The data is in a unicode table in SQL Server, I believe SQL Server
stores it as UCS-2. I'm trying to read it out of the database and
write it to a file in UTF-8 (I want to do more with it but I'd be
happy just getting that to work for now!). I'm running ActivePerl
5.8.6 on Windows 2000.
Here's the simple test script I'm trying to get working:
use strict;
use utf8;
use Encode;
use DBI;
use DBD::ADO;
use Win32::OLE;
# Change the Code Page to UTF-8
Win32::OLE->Option(CP => Win32::OLE::CP_UTF8);
# Connection string
my $strConn = "Provider=SQLOLEDB; Data Source=ISVR01; Initial
Catalog=Wibble; User ID=Wobble; Password=plop";
my $dbConn;
my $prCategori;
my $strSQL;
# Open the connection
$dbConn = DBI->connect("DBI:ADO:$strConn") or die $DBI::errstr;
print "Connection opened.\n";
# Just something to test - yes I know I should use stored procedures
$strSQL = "SELECT * FROM CATEGORIES WHERE CAT_ID = 3672";
# Execute the SQL
$prCategori = $dbConn->prepare($strSQL);
$prCategori->execute();
# Open the test file
open(COFNOD, ">", "prawf.log") or die "ERROR! Can't open the log
file\n";
# Set to use UTF-8
binmode(COFNOD, ":utf8");
# Write the BOM - not really needed for UTF-8 but Windows likes to
have it
print COFNOD "\x{FEFF}";
# Print some test characters to see if they work - w and y with
circumflexes
print COFNOD "\x{0175}\x{0177}\n";
while ( my $rsCategori = $prCategori->fetchrow_hashref )
{
print COFNOD "Disgrifiad: ";
print COFNOD $rsCategori->{DESCRIPTION};
print COFNOD "\n";
}
close COFNOD;
$dbConn->disconnect();
The text returned from the field should be:
Ardal o Harddwch Naturiol Eithriadol Llŷn
[the last word should be Llyn with a ^ over the y]
What I actually get is:
Ardal o Harddwch Naturiol Eithriadol Llŷn
Running a hex editor on the file shows that the bytes where the ŷ
should be are C3 85 C2, but I believe the UTF-8 bytes should be C5 B7.
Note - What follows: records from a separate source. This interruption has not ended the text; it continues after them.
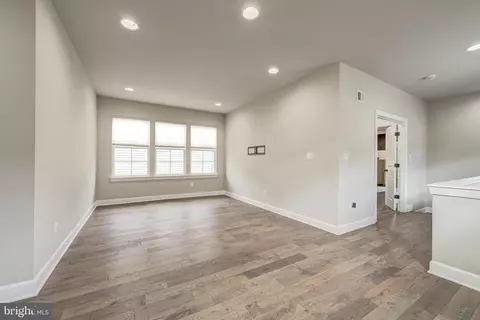 44532 Stepney Dr, Ashburn, VA 20147 photo 21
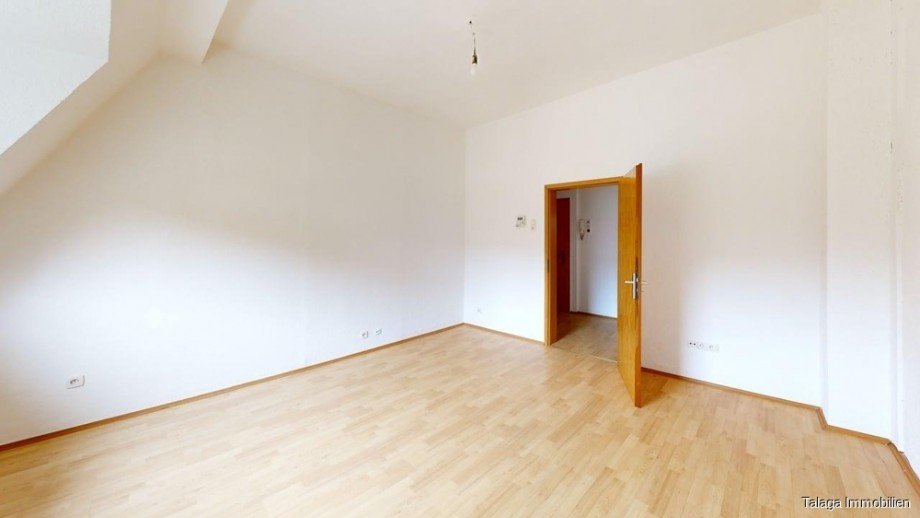 Wohnzimmer Bild 4 Dachgeschosswohnung Herne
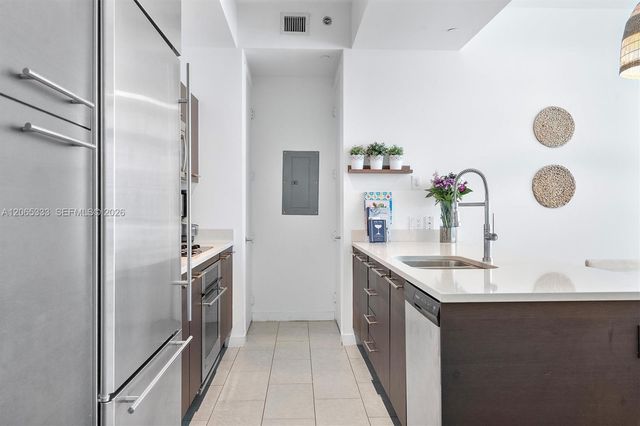 55 SE 6th Street 4305, Miami, FL 33131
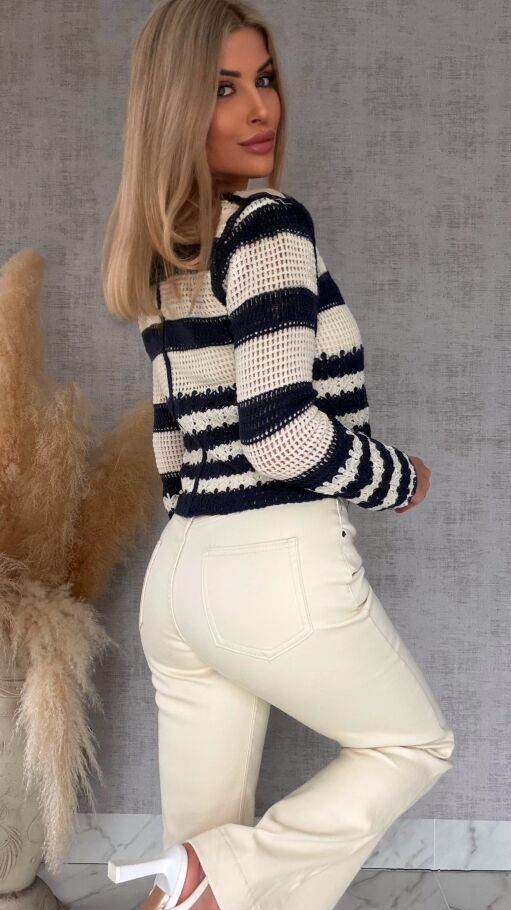 Szydełkowy sweter zapinany na guziki z granatem ONE SIZE - R745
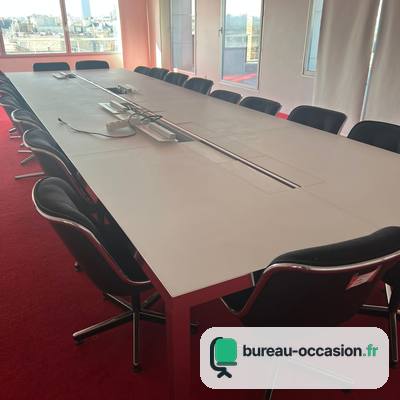 Grande table de réunion d'occasion blanche avec trappes : 16-20 pl.
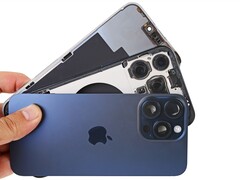 Apple iPhone 15 Pro 的电池续航时间据称比最初宣传的要长。(图片：iFixit）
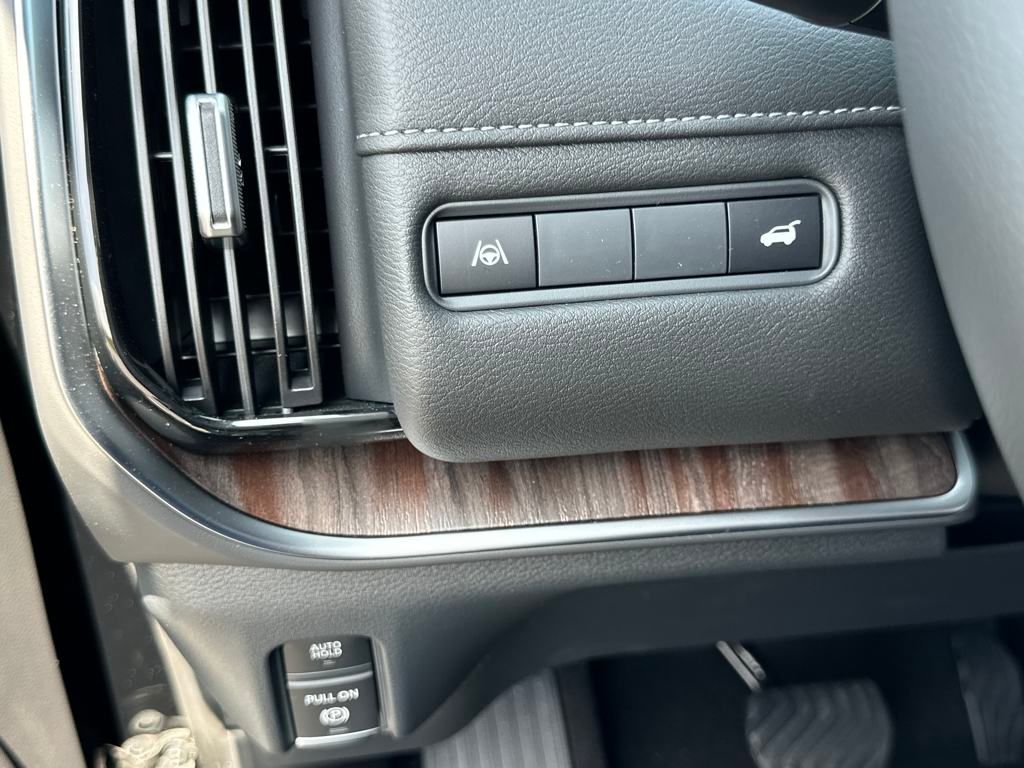 2025 Nissan Armada SL photo 14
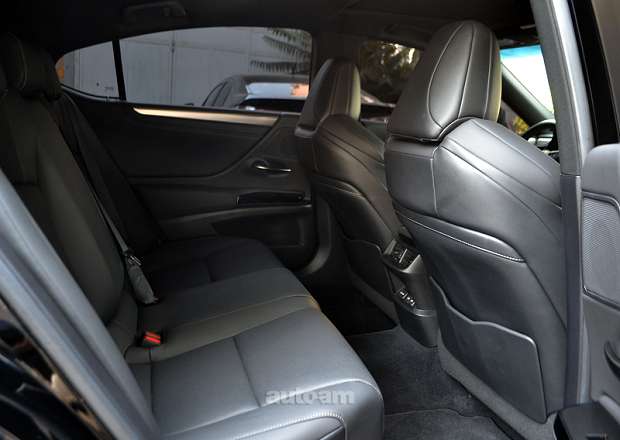 Lexus ES 350 2021 — լուսանկար 11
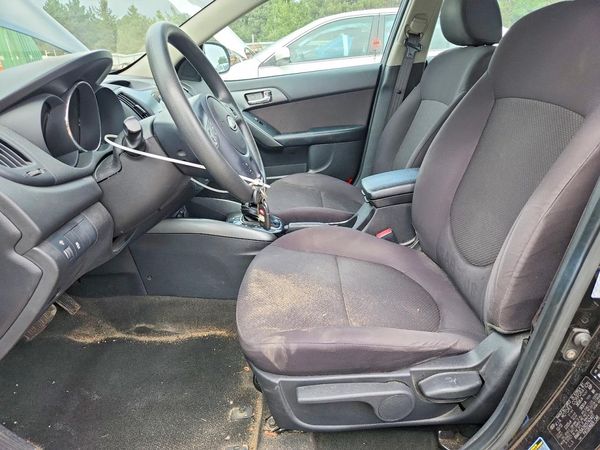 2013 KIA FORTE5 EX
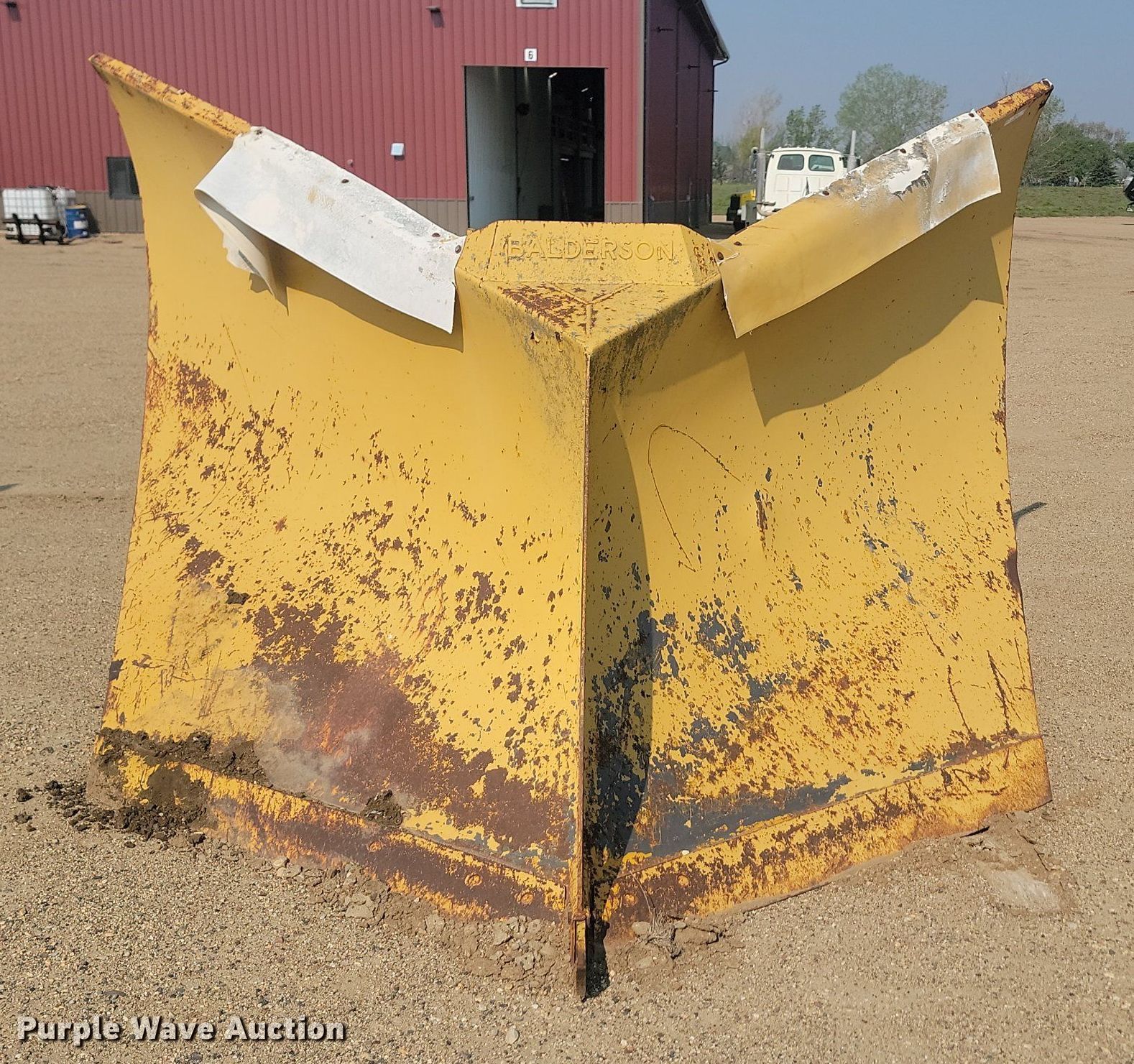130" W Vblade snow plow in Lake Norden, SD Item NZ9865 for sale
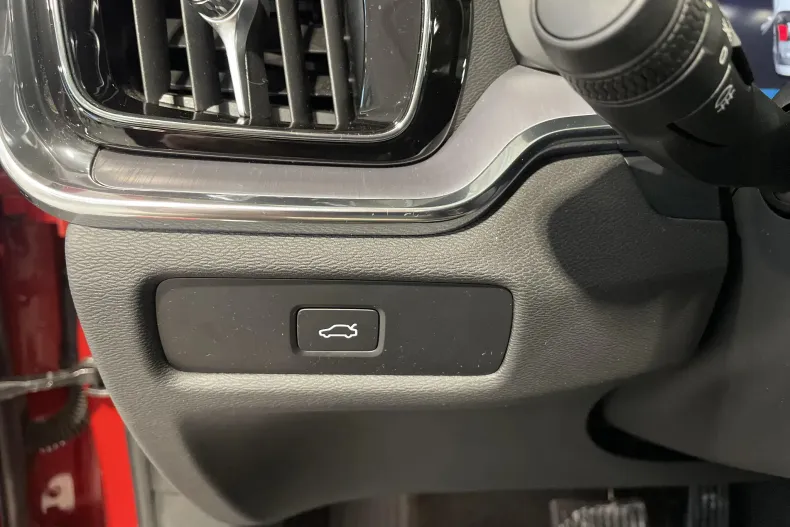 Volvo S60 din 2024 cu 28.283 km - oferta VOL156532 - foto 15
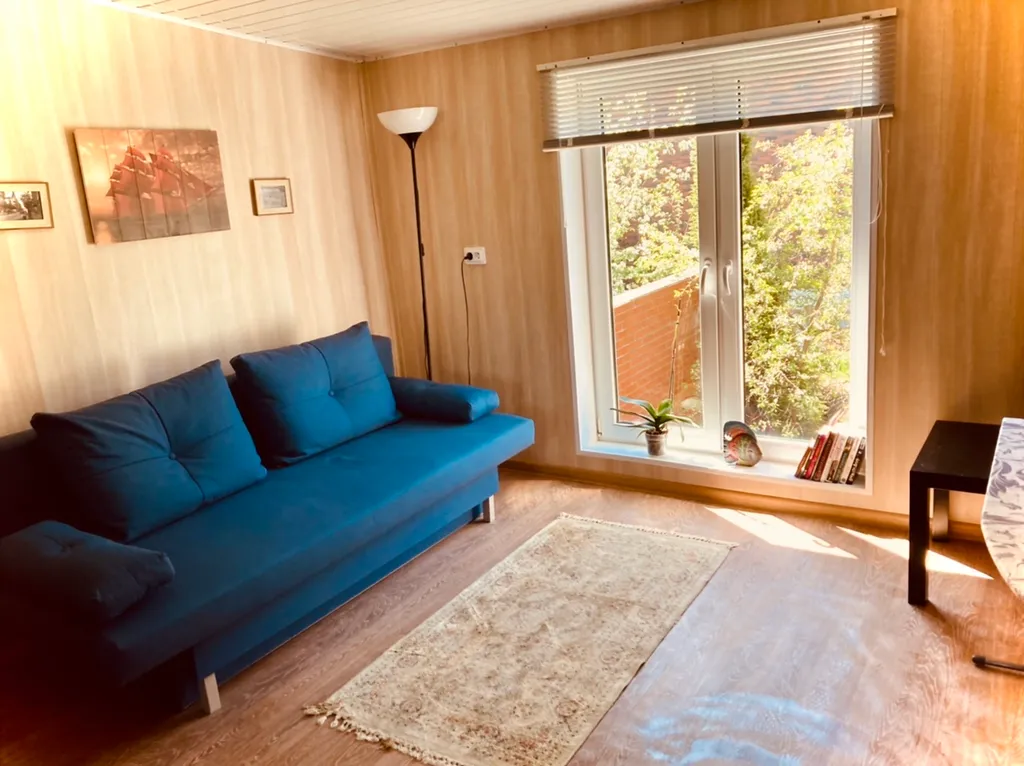 Коттедж Отдельный домик с террасой и зоной барбекю — Калининград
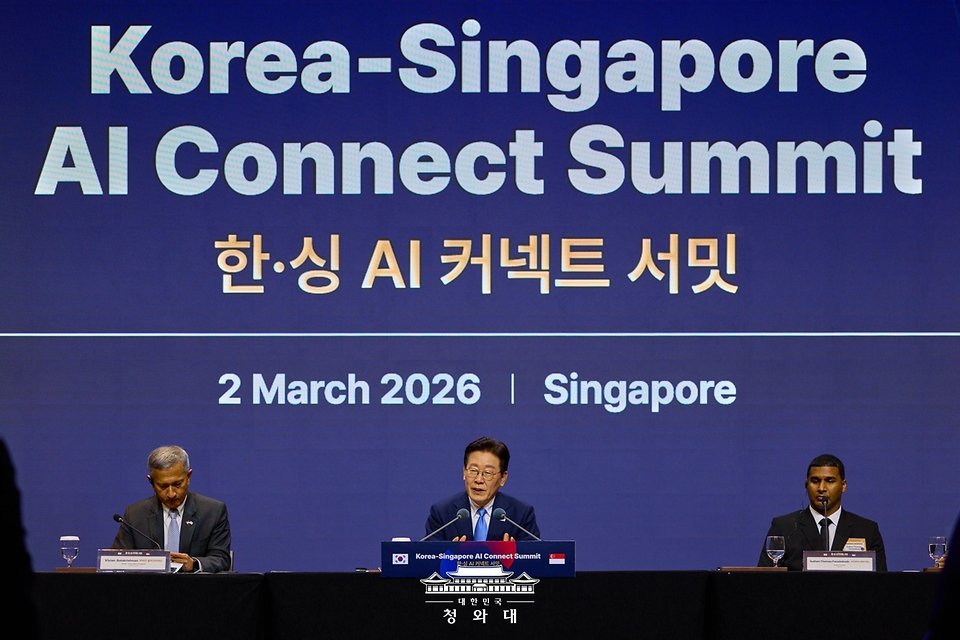 이재명 대통령이 3월 2일(현지 시간) 싱가포르의 한 호텔에서 열린 한-싱가포르 AI 커넥트 서밋에서 발언하고 있다.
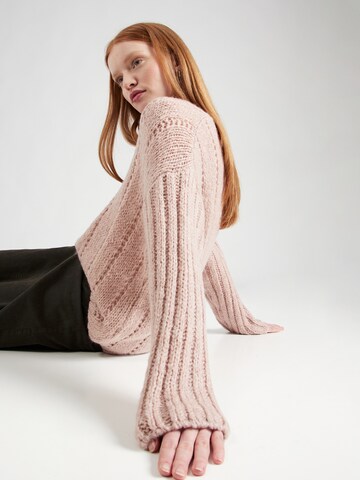 Sublevel Pullover in Pink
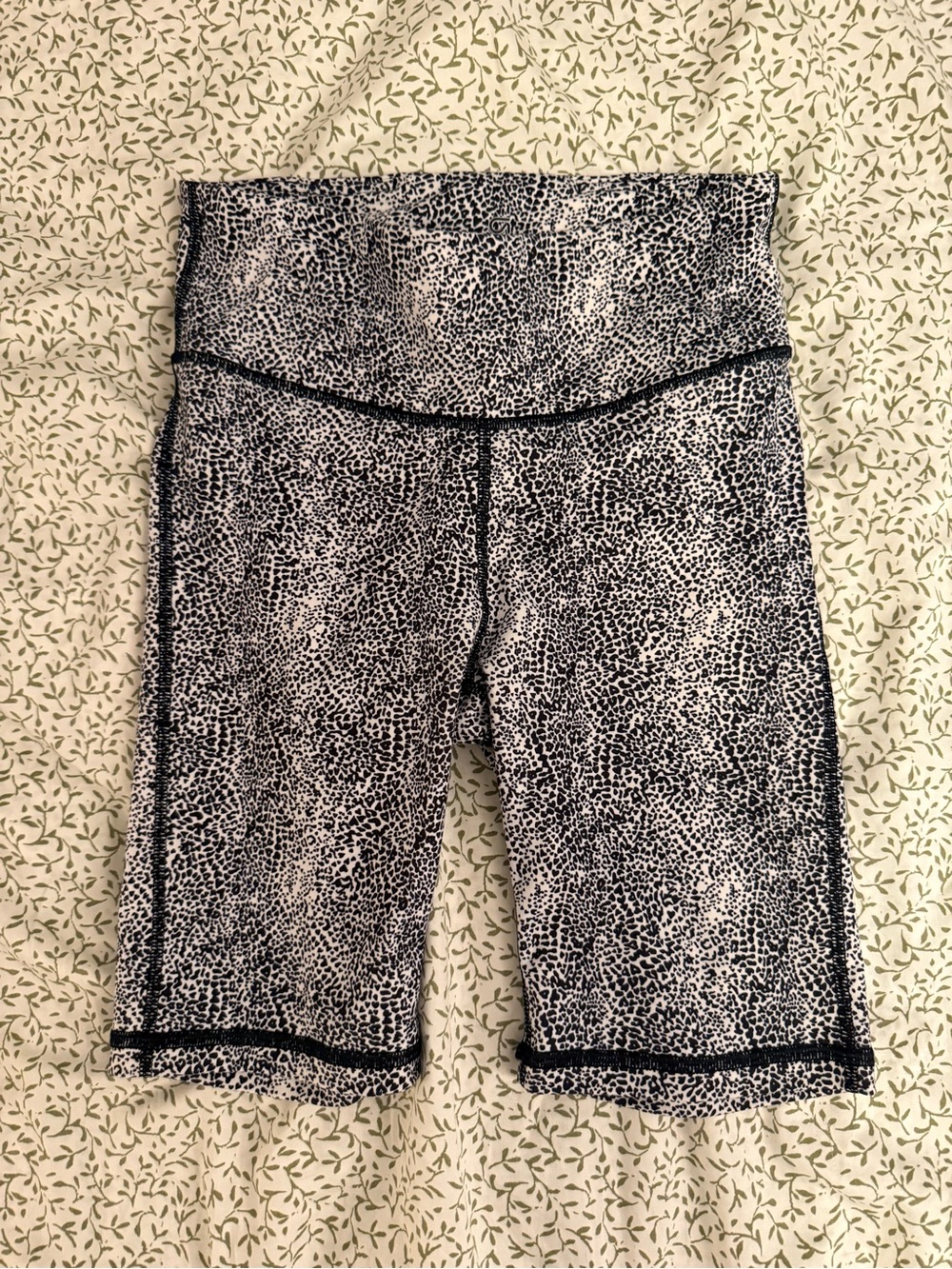 Gap Printed Biker Shorts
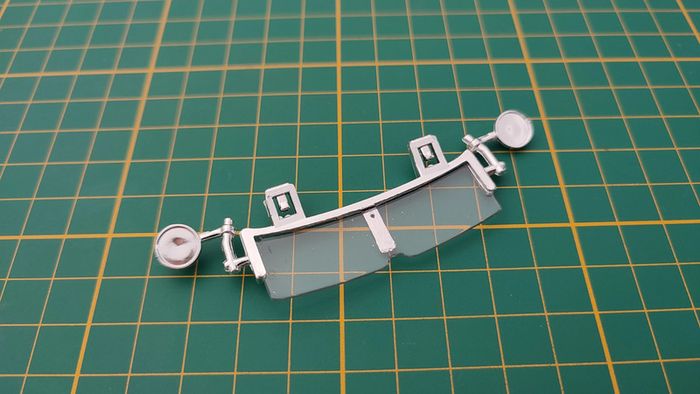 Pare-brise vitre pièce détachée miniature Mercedes Benz SSK 1928 1/18 burago BBurago #B69 - photo numéro 2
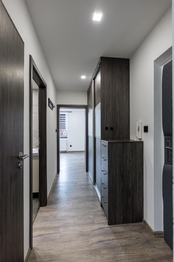 Vstupní chodba - Prodej bytu 3+kk v osobním vlastnictví 62 m², Netolice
The test characters the script prints with \x{} work fine so somehow
the data from the field seems to be wrong. When I run the script
without setting the CP it just gets translated to latin1, losing the
circumflex.
use strict;
use utf8;
use Encode;
use DBI;
use DBD::ADO;
use Win32::OLE;
# Change the Code Page to UTF-8
Win32::OLE->Option(CP => Win32::OLE::CP_UTF8);
# Connection string
my $strConn = "Provider=SQLOLEDB; Data Source=ISVR01; Initial
Catalog=wibble; User ID=wobble; Password=plop";
my $dbConn;
my $prCategori;
my $strSQL;
my $fieldname;
# Open the connection
$dbConn = DBI->connect("DBI:ADO:$strConn") or die $DBI::errstr;
print "Connection opened.\n";
# Just something to test - yes I know I should use stored procedures
$strSQL = "SELECT * FROM CATEGORIES WHERE CAT_ID = 3672";
# Execute the SQL
$prCategori = $dbConn->prepare($strSQL);
$prCategori->execute();
# Open the test file
open(COFNOD, ">", "prawf.log") or die "ERROR! Can't open the log
file\n";
# Set to use UTF-8
binmode(COFNOD, ":utf8");
# Write the BOM - not really needed for UTF-8 but Windows likes to
have it
print COFNOD "\x{FEFF}";
# Print some test characters to see if they work - w and y with
circumflexes
print COFNOD "\x{0175}\x{0177}\n";
# Get the field names
my @fieldnames = @{ $prCategori->{NAME} };
while ( my $rsCategori = $prCategori->fetchrow_hashref )
{
# for each field set the utf-8 flag
foreach $fieldname ( @fieldnames )
{
Encode::_utf8_on($rsCategori->{$fieldname});